New Members appointed to the Broads Authority

Two Norfolk men with an intimate knowledge and love of the Broads have been appointed Members of the Broads Authority.

The Secretary of State for the Department of the Environment, Food and Rural Affairs has appointed Matthew Bradbury, national Director of Operations for the Land Trust, and John Ash, who was administrator for the Broads Authority’s Sustainable Development Fund for six years.

They will each take up a four-year appointment to the Authority on April 1st.

Matthew BradburyMatthew, who lives in Hingham and comes from a farming family, has lived and worked in Norfolk for more than 40 years. He learnt to sail on the Broads and likes to spend weekends canoeing and wildlife watching throughout the Broads National Park.

In addition to running the family farming businesses, Matthew worked for more than 20 years as a consultant to landowners, many in Broadland, advising them on the implementation of the Rural Development Programme, cooperative purchasing and marketing.

He was then employed by the Broads Authority working on water quality and conservation projects before becoming Head of Nature Reserves at Norfolk Wildlife Trust. He managed more than 70 sites including a number of major Broads Nature Reserves - Barton, Hickling, Martham, Ranworth, Alderfen and Upton – as well as visitor centres and an extensive grazing operation.

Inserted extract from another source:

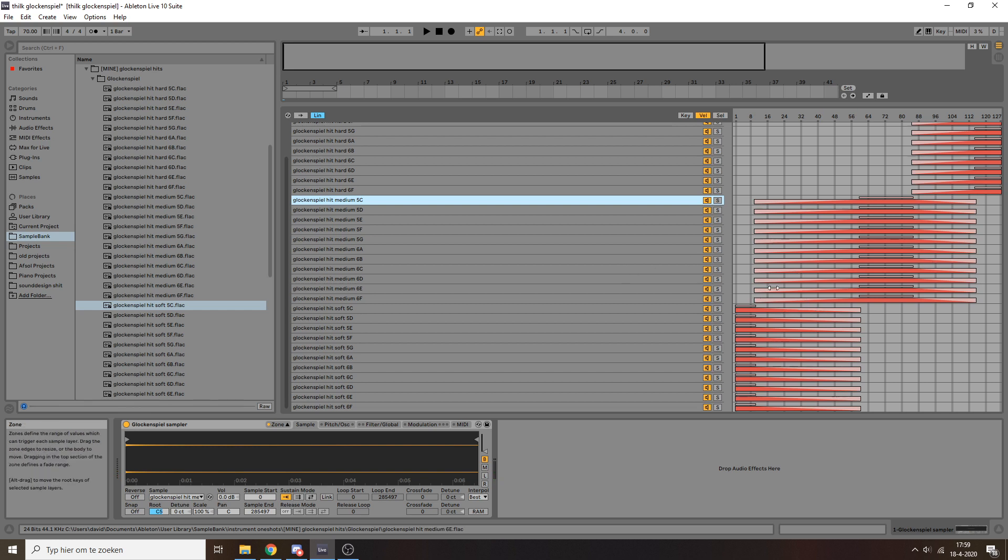Now this crossfading doesn't always work out nice. The thing with the glockenspiel is that the attack can be quite percussive. So if you don't get the transients to line up perfectly, it can sound a little bit off, it can get out of phase with itself, and then you can get all sorts of messy problems. But with these samples, I made sure to really go in and make sure the sample starts right at the transient. So we don't have that issue here, luckily.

Matthew now has responsibility for the management and development of the Land Trust’s national land portfolio of 2500 hectares comprising green space, nature reserves and parks. He also has responsibility for fundraising, income generation and voluntary support to enable the land to be managed sustainably for environmental, social and economic benefit.

He is currently a board member of the Thames Gateway Local Nature Partnership and a trustee of the British Mountaineering Council’s Access and Conservation Trust.

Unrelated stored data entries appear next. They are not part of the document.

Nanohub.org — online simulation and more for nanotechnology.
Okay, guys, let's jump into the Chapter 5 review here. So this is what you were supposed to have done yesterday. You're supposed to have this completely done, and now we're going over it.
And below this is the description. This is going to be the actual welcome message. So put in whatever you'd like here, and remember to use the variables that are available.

John AshJohn Ash, who lives in Brooke, is a retired chartered civil engineer who has spent 40 years working in flood and coastal defence in Norfolk, including the Broads, the UK and Europe. His work has included a wide variety of projects associated with environmental management, economic appraisal, climate change and tourism.

John says living and working in Norfolk has given him a real love and affinity with the Norfolk and Suffolk Broads where he has sailed in dinghies and wherries. He took over the chairmanship of Wherry Yacht Charter Charitable Trust (WYC) from Aitken Clark, the first Chief Executive of the Broads Authority, when he died. The Trust has since restored two Edwardian wherry yachts and a pleasure wherry to sailing condition and, together with its other vintage wherry yacht and recently acquired second pleasure wherry, they now offer holiday charters and educational visits on the Broads.

John represents WYC on Broads Tourism and has a working knowledge of tourism issues. For the past six years he has been Administrator for the Broads Authority’s Sustainable Development Fund providing grants to organisations in the Broads, many of them focused on developing the opportunity for young people to experience and enjoy the Broads.